The Giffen Family Papers are made up of one medium, outgoing correspondence from Edward and Bertha Giffen, during their two year mission (1894-1896) in Hankow and Ching-Ku, China. These letters are all written to their family, Bertha's mother, sister, Lilian, and brother, Plato, residing in Nebraska. The bulk of the letters are written by Bertha and reflect her missionary zeal. Personally, the letters portray the Giffens' missionary interests, observations of Chinese culture, Bertha's declining health due to tuberculosis, and longing for home. Historically, the letters describe some of the circumstances of the Sino-Japanese War (1894-1895), a subsequent Chinese backlash directed towards missionaries, and a Mohammedan Rebellion, most likely a small movement of the revolutionary era. While some of the particular stories of the latter two events seem sensational and are unsubstantiated, they are nonetheless intriguing parts of the collection.

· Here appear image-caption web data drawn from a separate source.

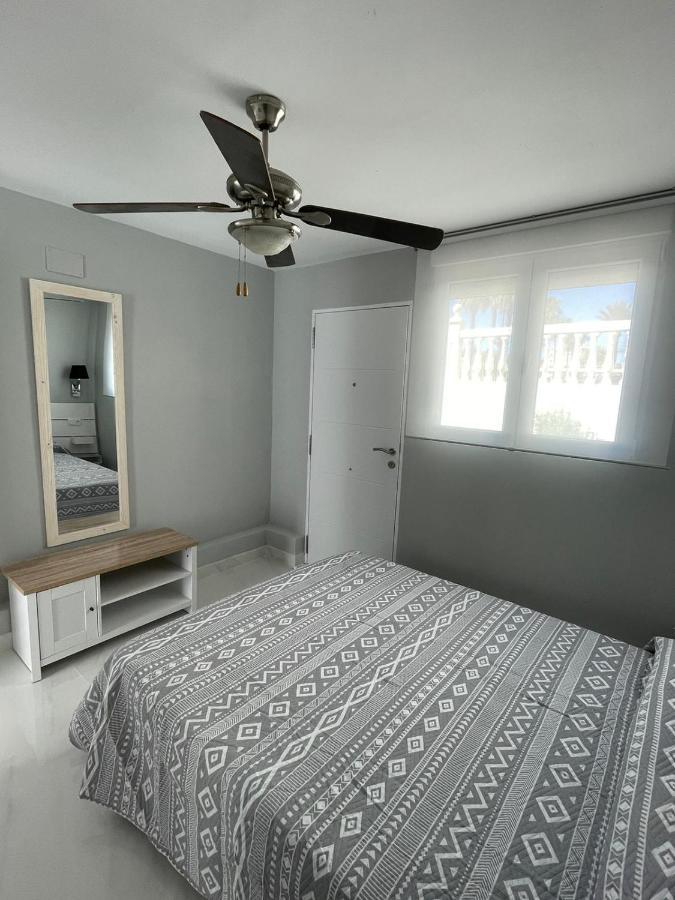 Seafront Recently Renovated Apartments Benalmádena Zewnętrze zdjęcie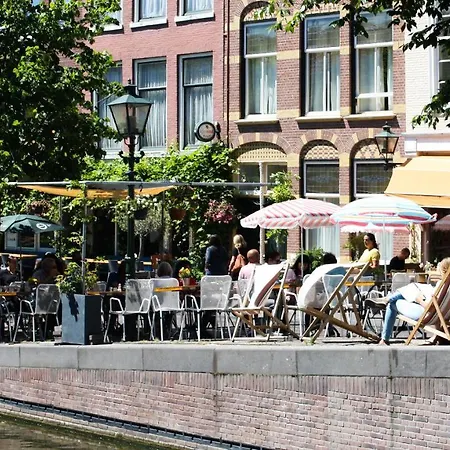 De Praktijk Apartment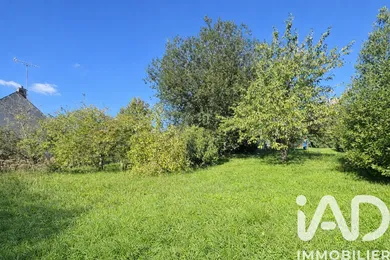 Terrain à bâtir à Bonnelles (78830)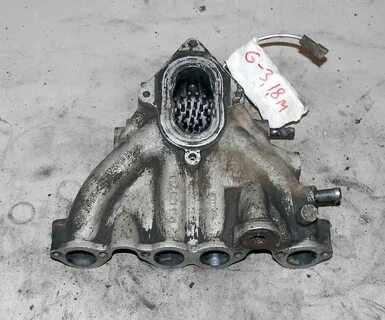 Коллектор vw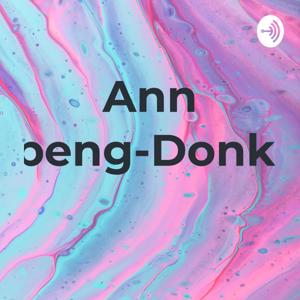 Ann Obeng-Donkor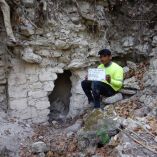 Foto Karina Blancas y Sonny Ojeda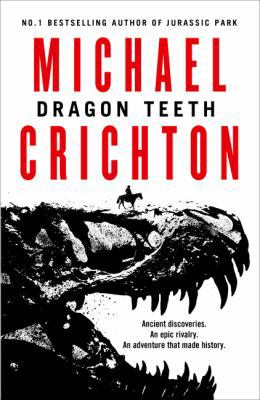 Dragon Teeth 0008173079 Book Cover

Series I: Correspondence consists of Edward and Bertha Giffen's letters home during their mission. Most of the stationary is uniform except for the first letter, written on a stationary depicting a Japanese landscape. Some of the more notable letters in the collection are as follows. The Sino-Japanese War's declaration is described in the letter of July 30th, 1894 and the war is updated in the letter of October, 7th. In the letter of March 22nd, 1895, Bertha relates witnessing Chinese soldiers practicing in Ching-Ku. The war's cease fire is noted on May 18th. Several aggressions against missionaries by the Chinese are noted; they are related to the Chinese defeat in the war in the letter of August 22nd, 1895. The attack of a missionary family by a mob is described in an August 19th addition to an August 16th letter. A massacre of missionaries in Fukien is noted in the letters of September 25th and October 15th. A Mohammedan Rebellion's violence is characterized in the letters of September 7th and October 15th, 1895 and in the execution of two officials related on October 24th. There are three unidentified letters at the end of the collection: two written by Bertha after her return to the United States, and one from an unidentified source to an unidentified recipient.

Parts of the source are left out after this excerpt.